There are a couple of best practices that need to be mentioned:
- Use a rememberable URL
- Share port 80 with other applications
- Use virtual host to distinguish multiple applications, not the context path: it’s more evolutive in case you have to change the infrastructure
- Prepare for disk usage growth, or you’ll regret it later: plan for the worst (or the best, depending of your point of view - it means Jenkins will be part of your enterprise culture)
The rest of the session was lost unto me since I couldn’t create a Cloudbees account 🙁 The worst demo effect: sorry, guys.
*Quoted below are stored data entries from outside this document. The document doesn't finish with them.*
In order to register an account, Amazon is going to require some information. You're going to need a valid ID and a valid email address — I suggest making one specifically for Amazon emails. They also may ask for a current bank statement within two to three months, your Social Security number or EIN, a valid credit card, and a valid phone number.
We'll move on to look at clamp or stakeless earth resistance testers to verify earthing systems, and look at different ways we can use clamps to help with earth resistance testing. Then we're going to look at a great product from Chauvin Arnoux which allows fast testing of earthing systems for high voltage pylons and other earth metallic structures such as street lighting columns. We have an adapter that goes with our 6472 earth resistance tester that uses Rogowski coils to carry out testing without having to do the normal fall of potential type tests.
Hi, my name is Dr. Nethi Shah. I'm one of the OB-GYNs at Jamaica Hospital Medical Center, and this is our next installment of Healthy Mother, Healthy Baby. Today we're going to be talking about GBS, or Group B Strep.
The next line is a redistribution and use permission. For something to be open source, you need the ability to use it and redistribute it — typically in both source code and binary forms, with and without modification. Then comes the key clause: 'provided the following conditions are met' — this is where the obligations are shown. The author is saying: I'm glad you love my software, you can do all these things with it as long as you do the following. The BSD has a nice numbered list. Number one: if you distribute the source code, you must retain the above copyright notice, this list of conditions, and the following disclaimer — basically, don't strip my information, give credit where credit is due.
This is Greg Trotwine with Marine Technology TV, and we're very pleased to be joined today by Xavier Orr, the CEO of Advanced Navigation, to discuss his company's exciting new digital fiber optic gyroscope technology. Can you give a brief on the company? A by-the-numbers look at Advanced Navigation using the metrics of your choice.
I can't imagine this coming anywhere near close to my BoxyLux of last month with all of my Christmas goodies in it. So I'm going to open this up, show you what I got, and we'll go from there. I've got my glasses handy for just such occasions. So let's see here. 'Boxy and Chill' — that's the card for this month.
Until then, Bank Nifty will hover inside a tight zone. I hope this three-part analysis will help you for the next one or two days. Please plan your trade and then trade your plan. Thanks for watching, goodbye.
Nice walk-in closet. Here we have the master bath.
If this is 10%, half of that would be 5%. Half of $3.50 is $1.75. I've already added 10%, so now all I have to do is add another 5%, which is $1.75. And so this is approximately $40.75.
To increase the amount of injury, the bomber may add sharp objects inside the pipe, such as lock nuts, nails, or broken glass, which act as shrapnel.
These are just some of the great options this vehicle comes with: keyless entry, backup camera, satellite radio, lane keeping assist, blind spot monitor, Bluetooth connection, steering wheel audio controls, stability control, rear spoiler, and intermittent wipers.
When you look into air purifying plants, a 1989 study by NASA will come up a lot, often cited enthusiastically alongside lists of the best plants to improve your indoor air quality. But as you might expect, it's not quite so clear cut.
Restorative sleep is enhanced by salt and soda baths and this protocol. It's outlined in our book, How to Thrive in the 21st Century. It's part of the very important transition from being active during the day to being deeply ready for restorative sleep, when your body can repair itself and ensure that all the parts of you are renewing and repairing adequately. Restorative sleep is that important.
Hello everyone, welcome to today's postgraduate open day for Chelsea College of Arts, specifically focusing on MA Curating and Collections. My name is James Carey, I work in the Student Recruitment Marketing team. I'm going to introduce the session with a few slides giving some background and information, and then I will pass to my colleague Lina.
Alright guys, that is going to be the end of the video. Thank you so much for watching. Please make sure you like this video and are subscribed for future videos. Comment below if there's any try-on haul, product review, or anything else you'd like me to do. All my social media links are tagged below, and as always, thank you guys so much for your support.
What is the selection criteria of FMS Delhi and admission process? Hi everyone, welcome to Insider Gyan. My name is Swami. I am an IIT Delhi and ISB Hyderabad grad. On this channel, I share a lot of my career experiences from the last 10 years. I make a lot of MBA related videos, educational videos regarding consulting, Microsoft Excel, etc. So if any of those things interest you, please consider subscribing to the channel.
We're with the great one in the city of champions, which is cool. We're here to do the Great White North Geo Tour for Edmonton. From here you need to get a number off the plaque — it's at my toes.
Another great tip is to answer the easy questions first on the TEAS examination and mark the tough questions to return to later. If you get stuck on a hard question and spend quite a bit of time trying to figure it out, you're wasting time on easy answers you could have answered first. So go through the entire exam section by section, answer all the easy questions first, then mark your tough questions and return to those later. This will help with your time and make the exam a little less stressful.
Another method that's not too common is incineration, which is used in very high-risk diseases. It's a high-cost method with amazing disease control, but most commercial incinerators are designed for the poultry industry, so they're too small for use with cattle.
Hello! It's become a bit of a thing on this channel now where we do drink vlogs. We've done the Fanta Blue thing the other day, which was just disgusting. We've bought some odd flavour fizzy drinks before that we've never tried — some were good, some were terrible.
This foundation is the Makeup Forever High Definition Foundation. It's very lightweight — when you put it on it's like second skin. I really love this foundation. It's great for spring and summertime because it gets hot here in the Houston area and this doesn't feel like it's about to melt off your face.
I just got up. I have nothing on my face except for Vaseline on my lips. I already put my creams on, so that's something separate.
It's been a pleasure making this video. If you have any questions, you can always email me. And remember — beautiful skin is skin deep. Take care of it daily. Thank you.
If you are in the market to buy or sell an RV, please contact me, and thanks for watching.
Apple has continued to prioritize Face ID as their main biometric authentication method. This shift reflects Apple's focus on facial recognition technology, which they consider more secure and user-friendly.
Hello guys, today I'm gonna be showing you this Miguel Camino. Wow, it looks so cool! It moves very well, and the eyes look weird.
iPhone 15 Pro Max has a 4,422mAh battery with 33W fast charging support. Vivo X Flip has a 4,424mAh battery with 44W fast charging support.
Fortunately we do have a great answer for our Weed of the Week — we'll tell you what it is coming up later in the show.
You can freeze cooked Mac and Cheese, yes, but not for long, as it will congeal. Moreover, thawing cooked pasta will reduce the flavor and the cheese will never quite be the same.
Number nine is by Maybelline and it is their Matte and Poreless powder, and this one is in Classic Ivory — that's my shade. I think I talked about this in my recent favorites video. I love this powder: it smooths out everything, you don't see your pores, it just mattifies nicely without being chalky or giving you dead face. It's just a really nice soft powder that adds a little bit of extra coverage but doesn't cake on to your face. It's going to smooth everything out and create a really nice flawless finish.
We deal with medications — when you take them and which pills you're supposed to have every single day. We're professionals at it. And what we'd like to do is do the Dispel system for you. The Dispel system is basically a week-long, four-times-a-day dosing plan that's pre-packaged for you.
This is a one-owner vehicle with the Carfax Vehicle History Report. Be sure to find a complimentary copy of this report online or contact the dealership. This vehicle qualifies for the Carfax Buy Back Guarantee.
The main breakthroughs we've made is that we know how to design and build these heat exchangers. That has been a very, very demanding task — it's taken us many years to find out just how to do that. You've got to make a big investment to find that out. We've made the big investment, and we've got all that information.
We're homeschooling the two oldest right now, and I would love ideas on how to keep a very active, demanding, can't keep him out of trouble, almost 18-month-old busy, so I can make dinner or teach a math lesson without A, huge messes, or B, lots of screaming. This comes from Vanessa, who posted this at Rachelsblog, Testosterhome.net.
Integrating PHP Projects with Jenkins by Sebastian Bergmann
It may be strange, but my interest lies in better builds and since my current company develops PHP applications, I thought this talk might be interesting.
The session begins with a short story on CI in the PHP world. It’s very similar to Java, with CruiseControl. The biggest problem with CruiseControl is that it very monolithic: you had to get the source code, hack it and build it. Finally, this approach in the PHP world made way to phpUnderControl. Moreover, it seems that the CruiseControl community was not so friendly with PHP developers.
Hudson is build on top of a plugin architecture, so it’s much easier to extend (and the community nicer…). A lot of tools are available to govern quality with PHP. Associated with Jenkins plugins, they can get the job done.
- Checkstyle plugin to report the former results
- PHP_Depend is a port of JDepend and output a JDepend XML file
- JDepend plugin to report previous results
- PHP Mess Detector (PHPPMD) is a spin-off of PHPDepend and aims to be the PMD of the PHP world
- PMD plugin to report previous results
- Violations plugins is used a central place to aggregate the results of CodeSniffer, CPD and PMD
- PHP_CodeBrowser generates a browsable representation of PHP code where violations found by CodeSniffer or PMD are highlighted
- PHPLOC, a tool for measuring simple metrics on your project (lines of codes, classes, etc.)
- Plot Jenkins plugin to plot metrics by previous plugin
- Jenkins PHP offers template for Ant scripts and Jenkins jobs for PHP projects
At that time, I had to go. Having no real experience with PHP projects, this material can get me going for months.
Jenkins Conference Paris 2012 was a great success and I found most sessions very interesting.